We will need multitargeted therapy to optimally manage high-grade brain tumors. I think many of the investigators at SNO appropriately noted that we are eventually going to have a tumor molecular profile for each patient at the time of his or her diagnosis, and we will be able to give each patient different targeted therapies simultaneously based on the profile. This is also the case with HIV. HIV cannot be controlled with one drug alone; rather, the virus needed to be targeted at multiple levels simultaneously. Hence, HIV changed from a devastating illness that killed affected patients in 2 years to an almost chronic disease. One of our goals as neuro-oncologists is to likewise transform brain tumors into a chronic disease.
Molecular assays are currently tremendously expensive. I think over time, as costs drop, you will be able to send a resected tumor specimen away, a kit will be done, and a profile analysis will be available for review in 2 weeks. From that list, you will then choose, for example, 6 out of 8 available different targeted therapies.
Medscape: When do you think that will be?
Dr. La Rocca: With unlimited time and unlimited money, I would say 5 years. In reality, it is more likely to take 10-20 years.
Medscape: Is there anything else you would like to add?
Dr. La Rocca: I think we are on the threshold of making significant inroads into understanding the biology of malignant gliomas, and the insights gained may be applicable to other tumor types. I am very happy that the Genome Project is including glioblastoma as one of the first 3 malignancies for the pilot phase of "The Cancer Genome Atlas." I believe we are going to see more focused research, not only by academic researchers but also by the pharmaceutical industry, on novel targeted and antiangiogenesis agents, many of which are orally administered.

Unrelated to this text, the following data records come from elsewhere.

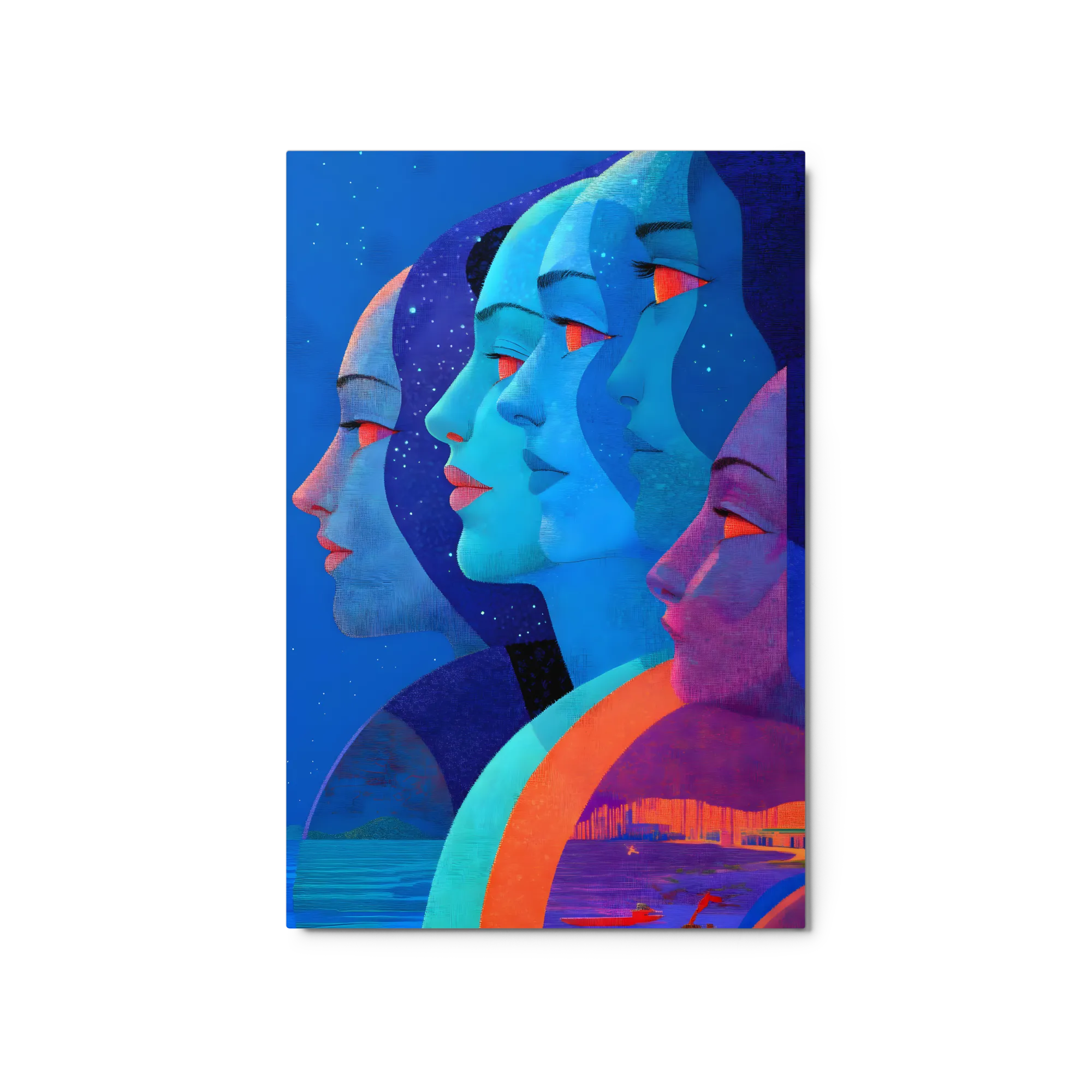 Cosmic Profiles 
 Metal Print | 20″x 30″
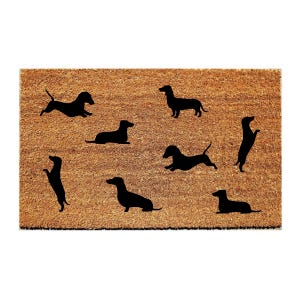 Custom Doormat - Doxin Doxies Dachshunds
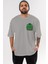 Hulk (7) Ön Sol Baskılı Oversize T-Shirt Erkek Kadın Unisex Pamuk Bisiklet Yaka Tişort 1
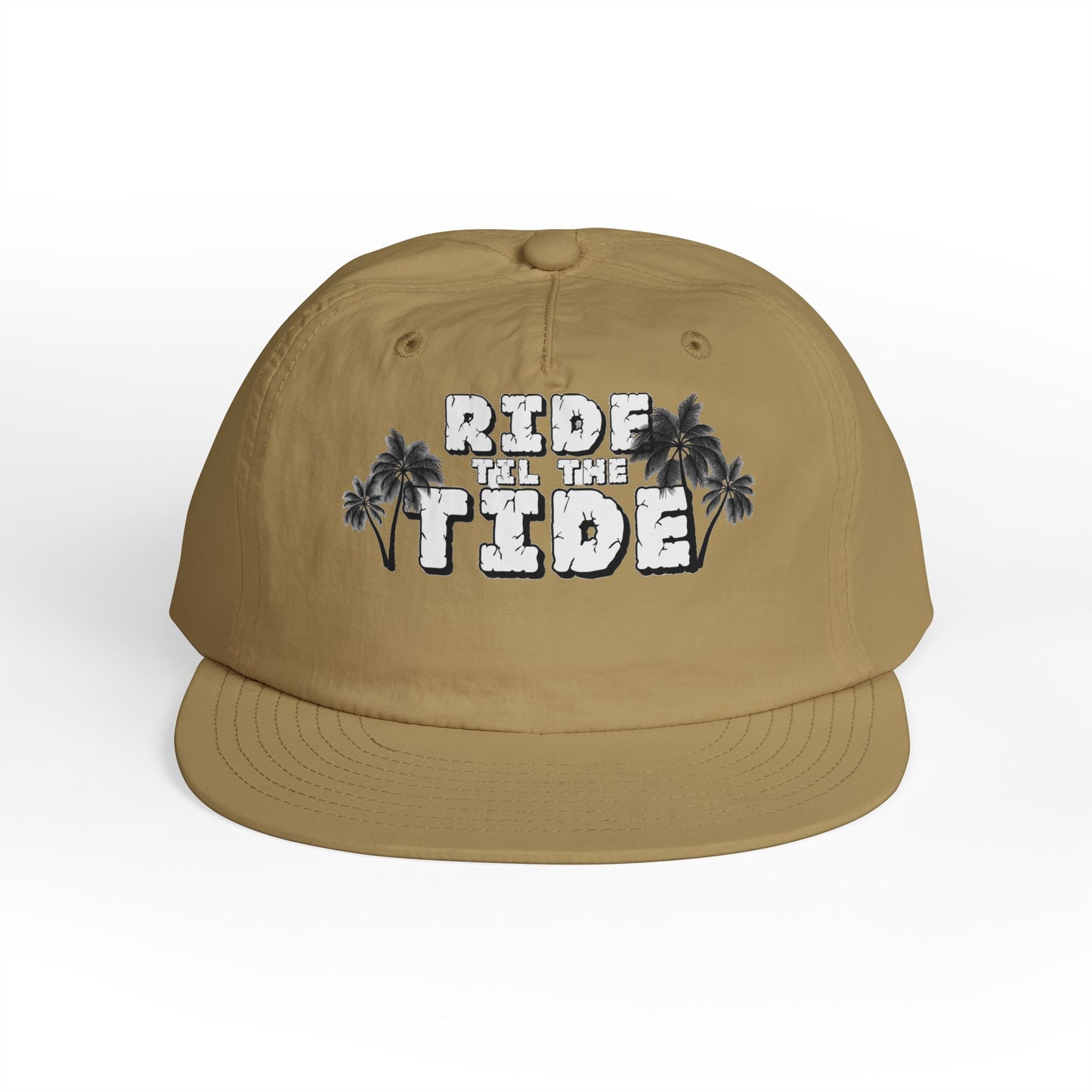 "Ride Till The Tide" Surf Cap for Beach Lovers, Summer Style, Water Sports, Casual Wear, Gift Idea - GritPalm Collective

Disclosure for interviewer: Heather G. Gatcombe, MD, has disclosed no relevant financial relationships.
Disclosure for interviewee: Renato V. La Rocca, MD, FACP, has disclosed that he serves on the advisory boards of Genentech, Amgen, Lilly, and MGI Pharma. Dr. La Rocca has also disclosed that he serves on the speaker's bureaus of Genentech, MGI Pharma, and Bristol-Myers Squibb. Dr. La Rocca has also disclosed that he owns stock in Genentech, Amgen, and Novartis.